• New Mexico Bingo

    New Mexico has a stormy gaming history. When the IGRA was passed by Congress in Nineteen Eighty Nine, it seemed like New Mexico would be one of the states to cash in on the American Indian casino craze. Politics guaranteed that wouldn’t be the case.

    The New Mexico governor Bruce King assembled a working group in 1990 to draft a compact with New Mexico Amerindian tribes. When the task force arrived at an agreement with 2 important local bands a year later, the Governor declined to sign the bargain. He held up a deal until Nineteen Ninety Four.
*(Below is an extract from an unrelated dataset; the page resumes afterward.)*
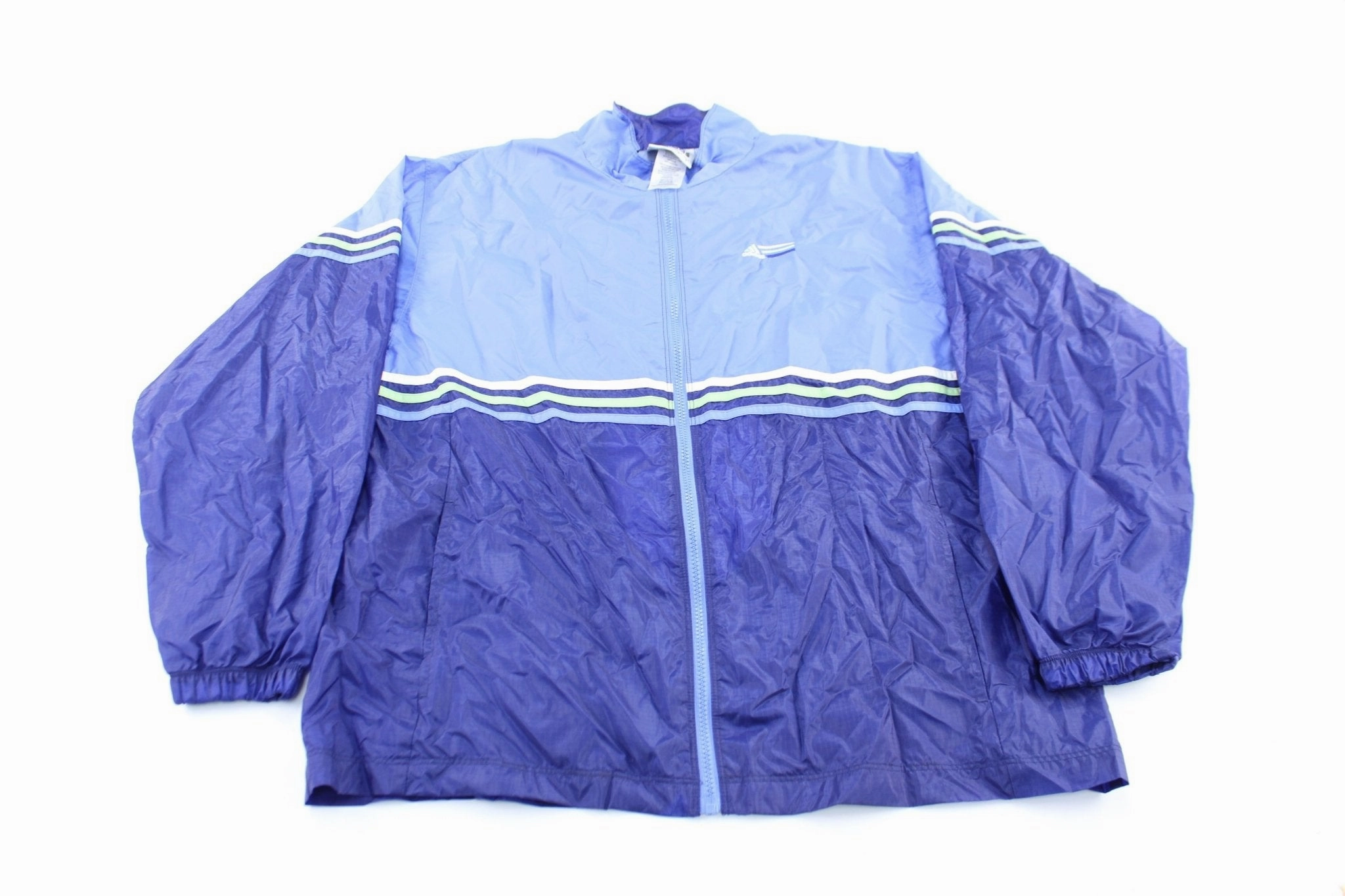 Adidas Embroidered Logo Blue, Green, & White Striped Zip Up Jacket Functional Fit Layer Match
    When a new governor took office in 1995, it seemed that American Indian gambling in New Mexico was a certainty. But when Governor Gary Johnson passed the compact with the Amerindian bands, anti-gambling groups were able to tie the deal up in courts. A New Mexico court ruled that Governor Johnson had overstepped his bounds in signing the deal, therefore costing the government of New Mexico hundreds of thousands of dollars in licensing revenues over the next several years.

    It took the CNA, passed by the New Mexico house, to get the process moving on a full contract between the Government of New Mexico and its Amerindian tribes. A decade had been burned for gambling in New Mexico, which includes Native casino Bingo.

    The not for profit Bingo industry has grown since Nineteen Ninety-Nine. In that year, New Mexico charity game owners acquired just $3,048 in revenues. That climbed to $725,150 in 2000, and exceeded one million dollars in 2001. Nonprofit Bingo revenues have grown constantly since then. Two Thousand and Five saw the biggest year, with $1,233,289 earned by the operators.

    Bingo is clearly favored in New Mexico. All types of owners try for a slice of the action. With hope, the politicians are through batting around gaming as an important factor like they did back in the 1990’s. That’s probably hopeful thinking.